Those caveats out of the way, there's also little reason to underplay the significance of the delicately brokered agreement, apparently overseen with great dexterity by Baroness Ashton, who was widely mocked and patronised when named as the EU's foreign policy representative four years ago.  It is almost certainly the most significant agreement between Iran and the "great Satan" since the overthrow of the Shah, far outweighing the short-lived months of detente after 9/11 when Iran co-operated with the invasion of Afghanistan, before the country was named by President Bush as a member of the "axis of evil".  The potential is clearly there if both sides really want it for a wider understanding and de-escalation, including in Syria, where the US and other Western countries have become involved in a proxy war between the Sunni and Shia Muslim states.

How much responsibility for the past decade of what often seemed like a gradual drift towards a strike on Iran's nuclear program can be placed on that Bush speech and the following war on Iraq is difficult to pinpoint precisely.  The previous period of moderation under President Khatami was rewarded with what was seen by the clerical conservatives as the suggestion they were next on the list.  In fact, the overthrow of Saddam Hussein gave Iran further influence, as still manifested through Nouri al-Maliki.  It's only been a result of the ratcheting up of sanctions against the country over the nuclear program that it was seemingly decided by the highest authority in the land for moderation to be given another try through Rouhani, after reasonably free elections (if elections in which dozens of candidates were disqualified from running can be called free) resulted in his victory.
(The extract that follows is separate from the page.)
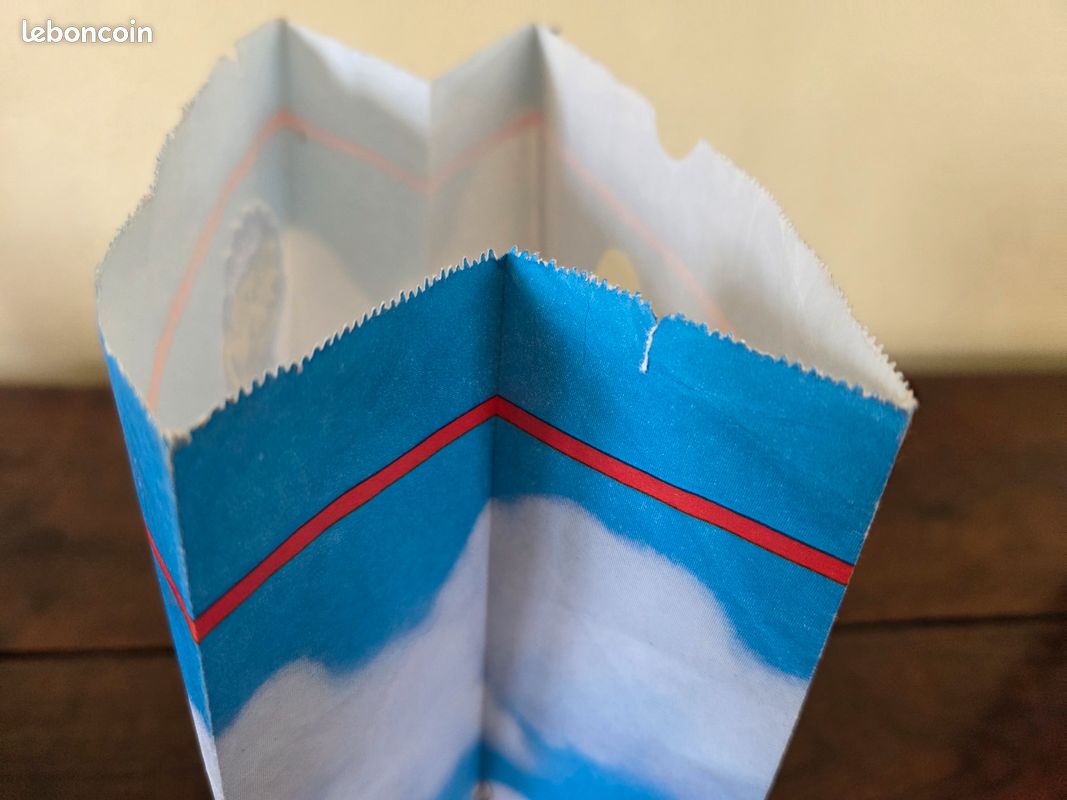 Pochette en papier mc donald's happy meal- la petite sirene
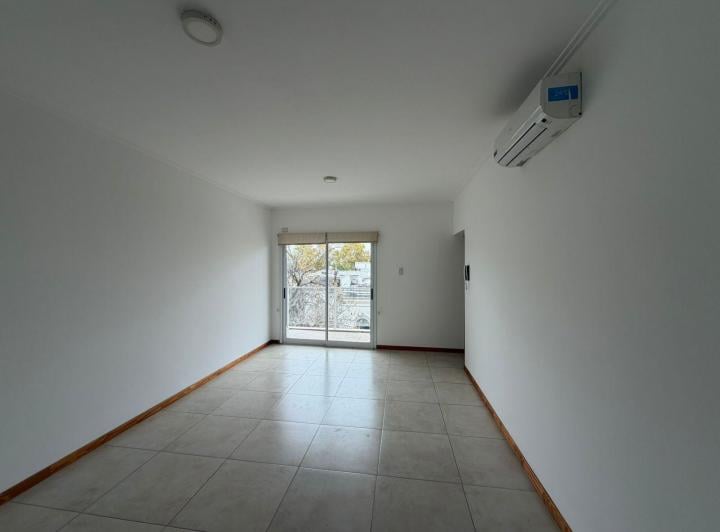 Departamento · 4 Ambientes · 1 Cochera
Also crucial it seems, alongside the secret meetings between the US and Iran dating back to March, was the deal on Syria's chemical weapons.  The agreement on their destruction made clear how the US was prepared to step back from the brink when it seemed to be half-heartedly edging towards another conflagration.  If John Kerry and Barack Obama were able to handle the embarrassment and brickbats of not going through on what looked to be a certain attack on Bashar al-Assad, drawing back from sleepwalking to striking Iran was always going to be far easier.  The deal agreed upon also, as alluded to above, allows all sides to look the victor.  Iran has effectively agreed to freeze its program in exchange for being allowed to exercise its rights under the nuclear non-proliferation treaty, to have a power capability but nothing more.  The US is denying that's the case, but that's almost certainly the basis for the deal.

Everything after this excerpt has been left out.